Rise in full-time employment and hours plus lower jobless rate is good news for UK labour market, though signs of underlying weakness remain

I’ve had a quick look at the latest labour market statistics from the Office for National Statistics, mostly covering the quarter March-May 2013. These are overall a good set of jobs figures, with the positives on balance stronger than the negatives. Employment is up by 16,000 on the quarter (though, alongside population growth, not by enough to prevent a fall of 0.1 percentage points in the employment rate) and unemployment has fallen on both the Labour Force Survey (down 57,000) and JSA benefit count measures (down 21,200 between May and June). The unemployment rate fell by 0.2 percentage points to 7.8%.

The best news of all is a strong quarterly rise in full-time employment of 28,000 and increased working hours (the number of people in part-time employment fell by 12,000). Alongside a fall in temporary employment (down 15,000) and self-employment (down 28,000), fewer redundancies (down 19,000) and more job vacancies (up 24,000), this suggests that confidence is returning to the jobs market with employers cutting back on contract workers in favour of permanent staff.

Overall women have again fared better than men in the latest quarter (14,000 more in work and 41,000 fewer unemployed, the corresponding figures for men being 2,000 and 16,000) and there has been a welcome fall in youth unemployment (down 20,000 for the 16-24 year age group as a whole although this is almost entirely due to a fall in the number of young people in full-time education seeking work – the number of young people in work actually fell by 31,000 on the quarter).


Less welcome is news that long-term unemployment is continuing to rise (up 15,000 on the quarter to a 17 year high of 915,000) and that the number of people of working age who are economically inactive is also increasing (up 87,000, though again this is partly due to fewer full-time students looking for work who are as a result classified as economically inactive rather than unemployed). Not everybody is therefore benefiting from the overall improvement in the labour market. 

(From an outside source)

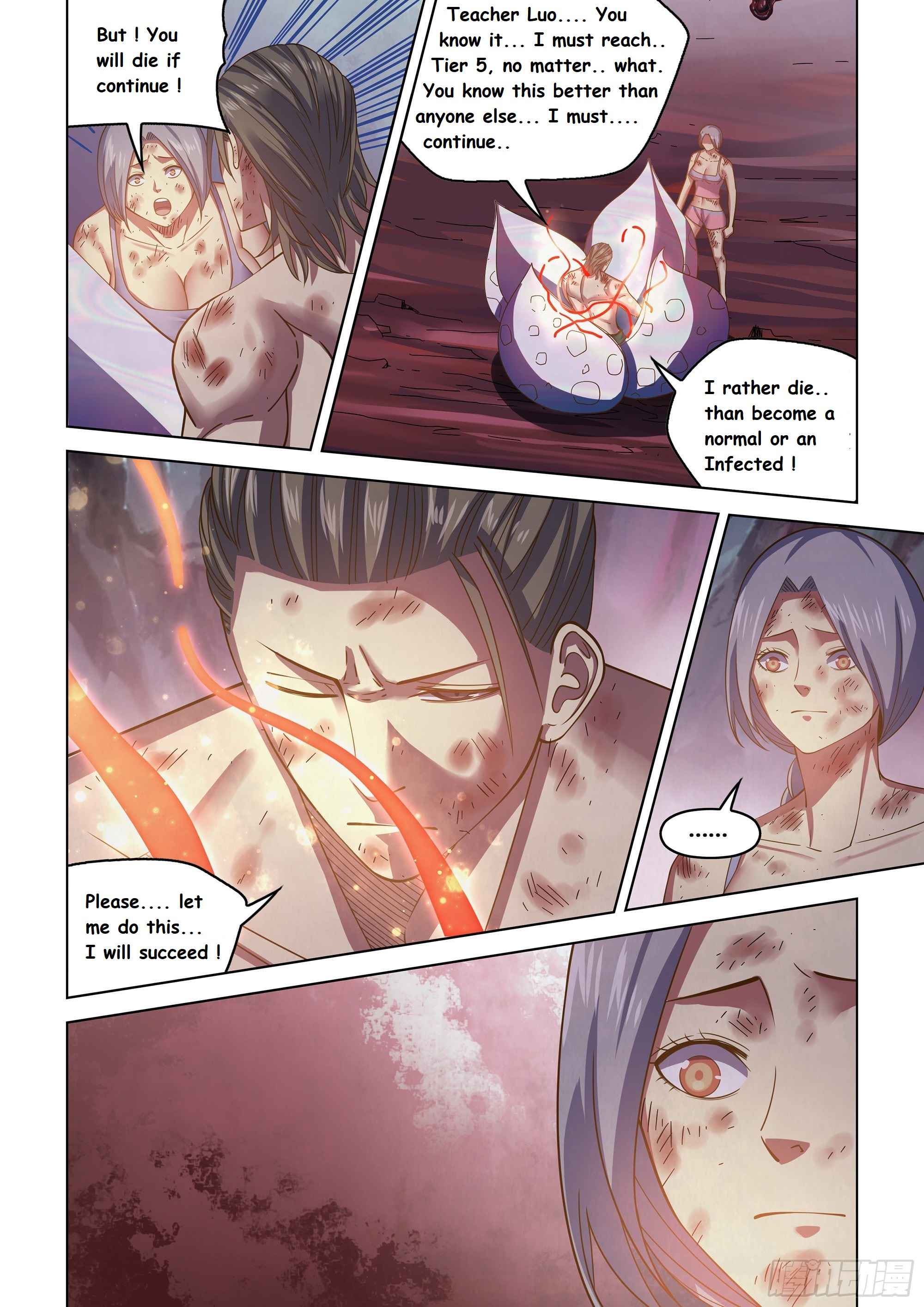 Page 4 of Chapter 459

Likewise, despite a slight increase to 1% in the rate of growth of regular pay, pay rises continue to lag well behind inflation (running at 2.7% on the CPI measure in the corresponding quarter), suggesting that our struggling economy is able to create more jobs only because people are desperate to price themselves into work. This is not a recipe for either economic or social well-being and should be viewed as a sign of continuing labour market malaise whatever the headline jobs and unemployment figures show.